La colère (salutaire) de François Berléand

Le tag antisémite sur la vitrine d’une enseigne de restauration rapide Bagelstein est épouvantable.

D’aucuns diront qu’il rappelle de bien mauvais souvenirs.

Ne souhaitant pas évoquer une époque que je n’ai pas connue, je troquerai avec clairvoyance ces souvenirs sombres contre un avenir triste et si l’avenir reste toujours incertain parce que parfois lointain, le devenir lui, bien plus proche par définition, laisse poindre un antisémitisme toléré dans une société incontrôlable, peu ou prou indifférente.
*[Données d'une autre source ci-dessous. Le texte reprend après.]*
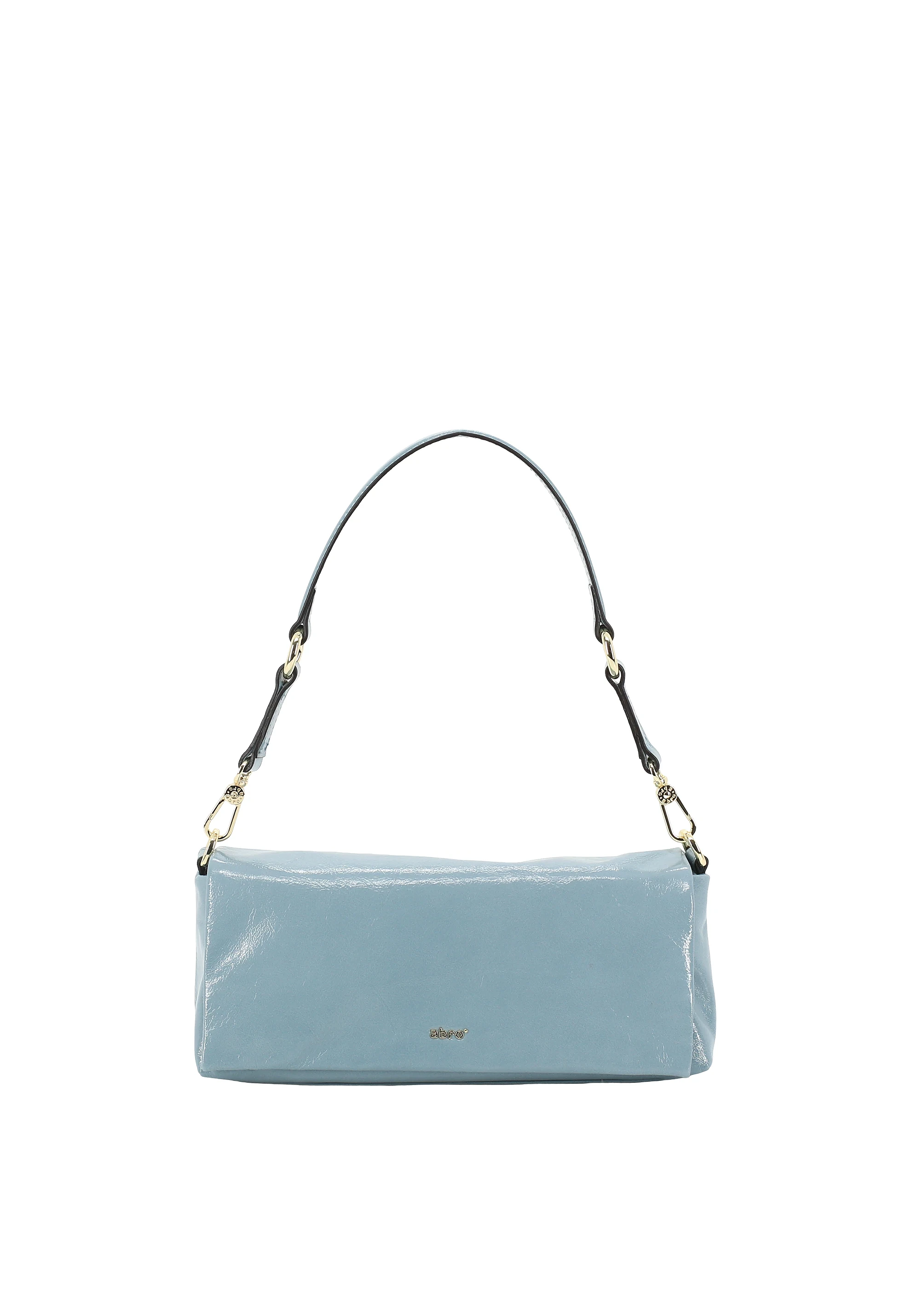 Schultertasche MILA Leder Venice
Force est d’admettre que ces gilets jaunes ont ouvert un boulevard à tout ce qu’il y a de plus nauséabond, le racisme, l’antisémitisme, l’homophobie. Et pour créer la saveur tel un maître saucier dans la brigade d’un chef étoilé, on y ajoute l’intimidation, les menaces de mort à l’endroit des quelques gilets jaunes sincères désirant s’exprimer librement, l’incendie volontaire des édifices publics et des biens personnels des élus de la nation.

Qui pourrait dire comment cela se terminera, à tout le moins comment cela se poursuivra ?

Les fauteurs de troubles sont trop peu interpellés et lorsqu’ils le sont, qui pourrait dire ce qu’il advient du travail de la justice, des peines encourues, prononcées, trop souvent non exécutées ? Les chaînes d’information en continu font bombance de sensationnel mais pour la suite des évènements et des condamnations infligées à ceux-là mêmes qui ont fait leurs choux gras, elles observent un silence telle une bernique sur son rocher breton.

Je n’attends rien des timides indignations de ces politiciens de tous bords pour espérer un antidote à cet antisémitisme sorti parfois de venelles pour croître sur les ronds-points. Les gilets jaunes se déclarent apolitiques mais partagent leur bout de gras avec les soutiens indéfectibles de Marine le Pen et les fidèles janissaires de Jean-Luc Mélenchon.

Reste le monde des intellectuels, du spectacle et de ceux qu’on appelle parfois les people.

Ils me semblent bien timorés ces derniers temps et, parés d’une frilosité surprenante, ils ne s’expriment guère préférant se réfugier dans leur cocooning comme s’il ne se passait rien en France depuis trois mois.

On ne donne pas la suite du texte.